DecisionTreeClassifier(random_state=1)

In [30]:
# This test confirms that you have created a DecisionTreeClassifier named wine_dt

assert type(wine_dt) == DecisionTreeClassifier

# This test confirms that you have set random_state to 1

assert wine_dt.get_params()['random_state'] == 1

# This test confirms that wine_dt has been fit

sklearn.utils.validation.check_is_fitted(wine_dt)

### 4.3) Create an array `y_pred` generated by using `wine_dt` to make predictions for the test data.

In [31]:
# CodeGrade step4.3
# Replace None with appropriate code

y_pred = wine_dt.predict(X_test)

In [32]:
# This test confirms that you have created an array-like object named y_pred

assert type(np.asarray(y_pred)) == np.ndarray

### 4.4) Create a numeric variable `wine_dt_acc` containing the accuracy score for your predictions. 

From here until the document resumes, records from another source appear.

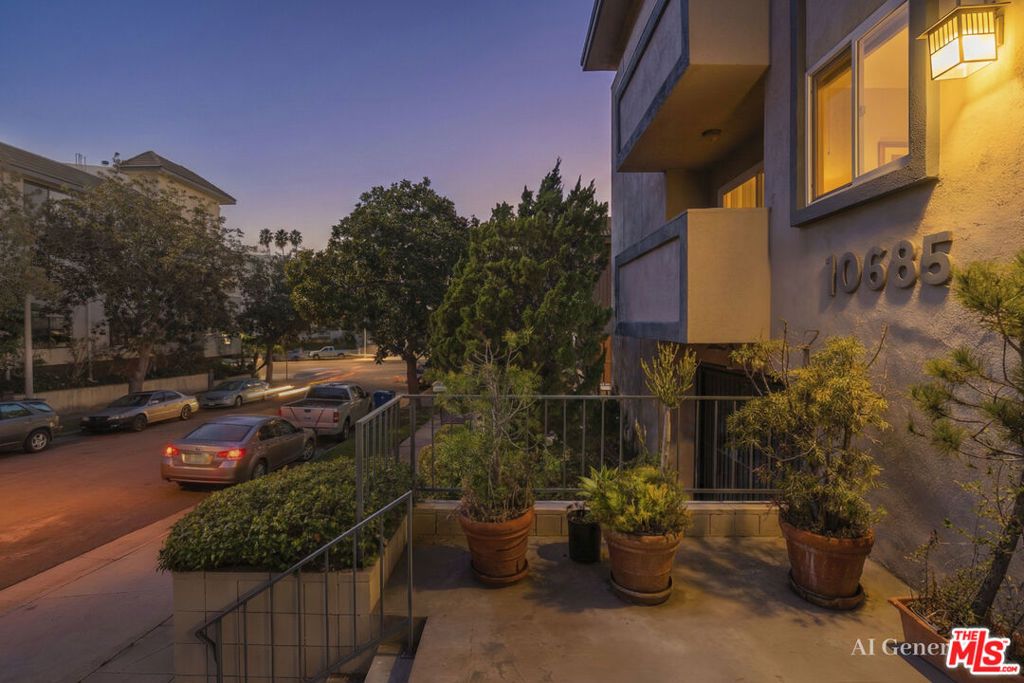 Photo of 10685 Wilkins Avenue #4, Los Angeles, CA 90024 (MLS # 26638259)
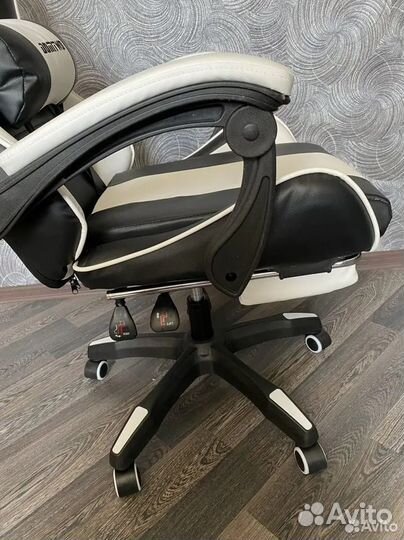 Кресло для игр. Игровое кресло с массажем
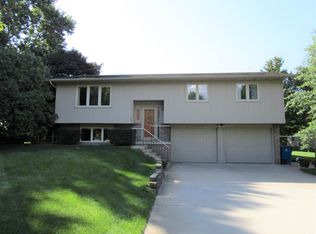 55312 Joann Dr, Norfolk, NE 68701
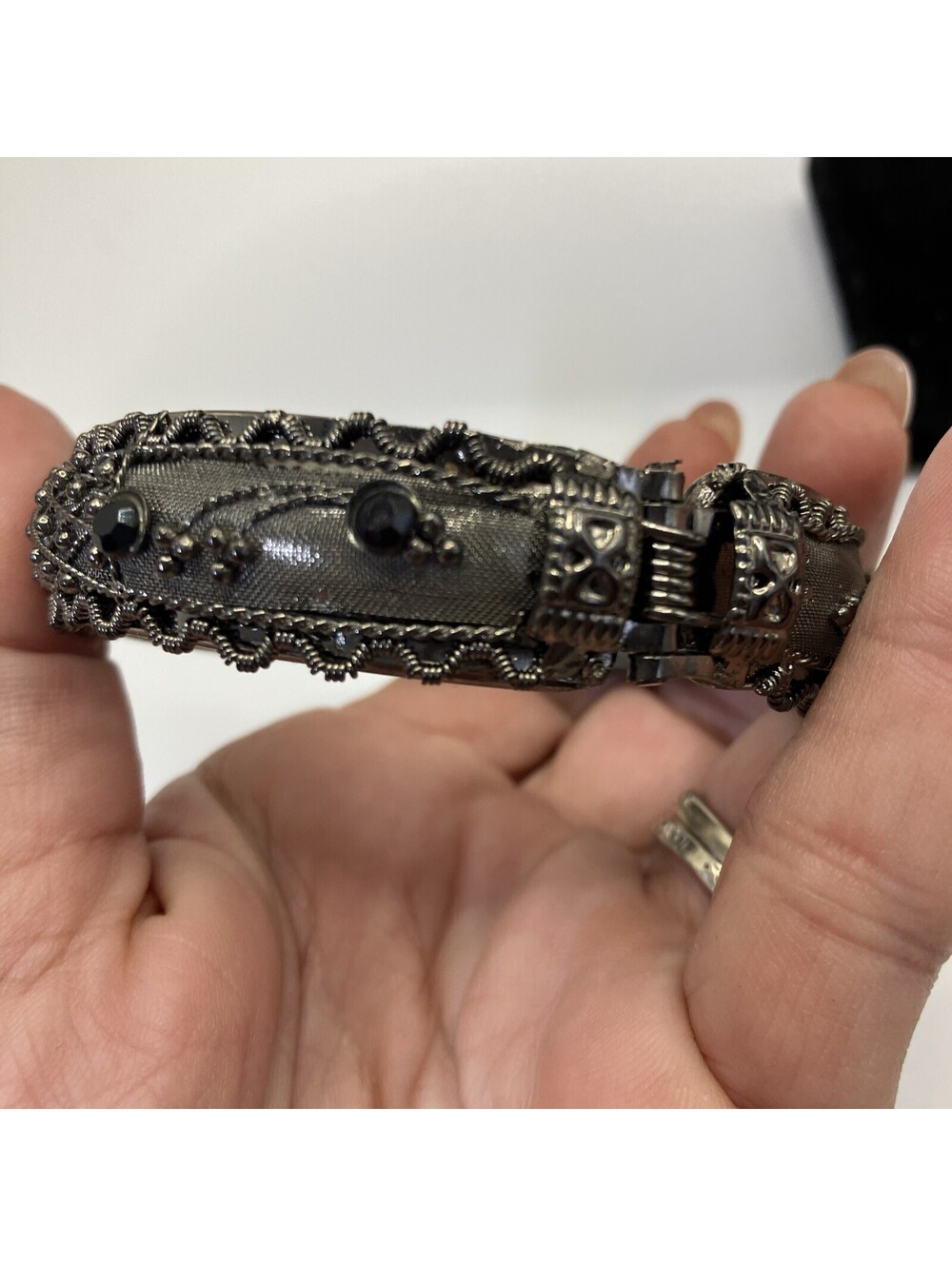 VTG Black Rhinestone Spring Bracelet - Picture 4 of 10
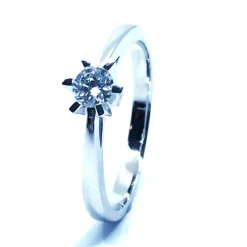 14 KT. HVIDGULD CARLA RING MED BRILLANT 0,25 CT. W/SI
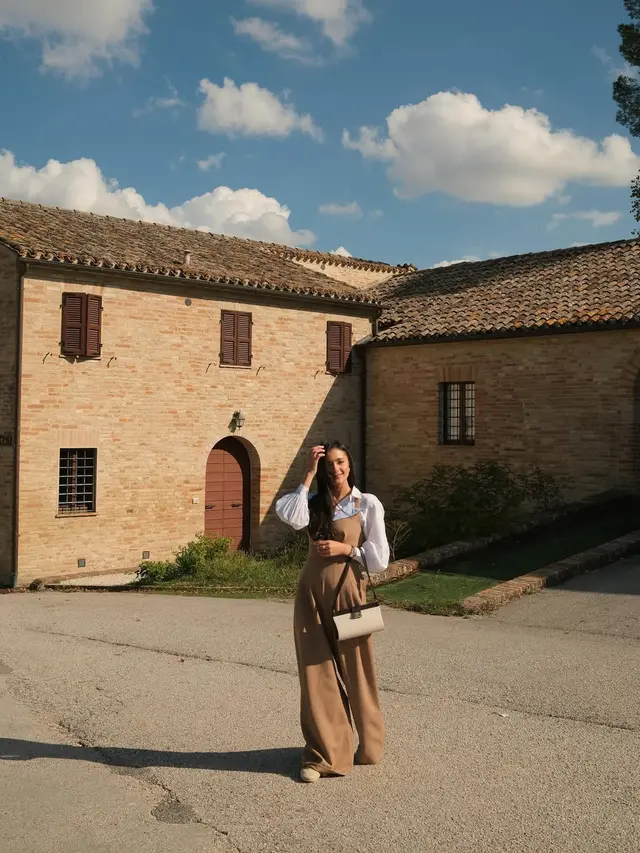 Gaya Layering Stylish Amanda Rawles di Italia, Elegan dan Effortlessly Chic!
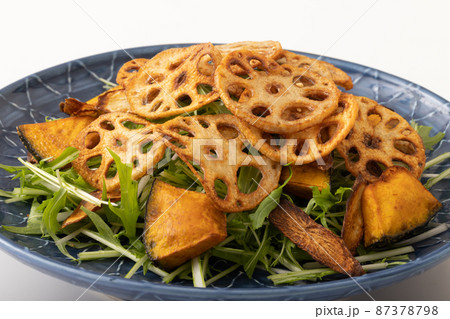 蓮根チップスと素揚げ野菜のサラダ 蓮根チップスと素揚げ野菜のサラダ 87378798
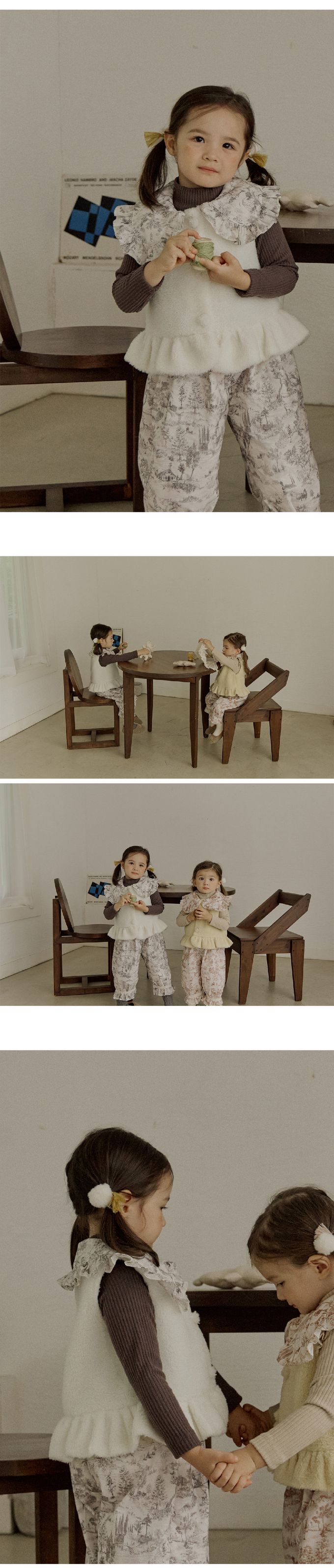 韓國 Puellaflo - 古典水墨印領裝飾毛絨背心-象牙白X黑灰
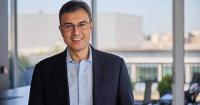 Wells Fargo Announces Kleber Santos to Lead Consumer Banking and Lending; Saul Van Beurden to Lead AI for the Company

Hint: You can use the `sklearn.metrics` module.

In [34]:
# CodeGrade step4.4
# Replace None with appropriate code

wine_dt_acc = accuracy_score(y_test, y_pred)

In [35]:
# This test confirms that you have created a numeric variable named wine_dt_acc

assert isinstance(wine_dt_acc, Number)

### 4.5) Short Answer: Based on the accuracy score, does the model seem to be performing well or to have substantial performance issues? Explain your answer.

In [38]:
# Your answer here

y_val = (y.value_counts(normalize=True)).values

print(
    f'''
    Based on the accuracy score of {wine_dt_acc: .3f}, the model seems to be performing well! 
    The accuracy score is much higher than the baseline accuracy (based on the percentages of each y-value, 
    the highest of which is ~{y_val[0]:.1f}).
    
    However, to evaluate our model more thoroughly, it is important to look at the values 
    that are being misclassified using the precision & recall scores.
    '''
)



    Based on the accuracy score of  0.876, the model seems to be performing well! 
    The accuracy score is much higher than the baseline accuracy (based on the percentages of each y-value, 
    the highest of which is ~0.4).
    
    However, to evaluate our model more thoroughly, it is important to look at the values 
    that are being misclassified using the precision & recall scores.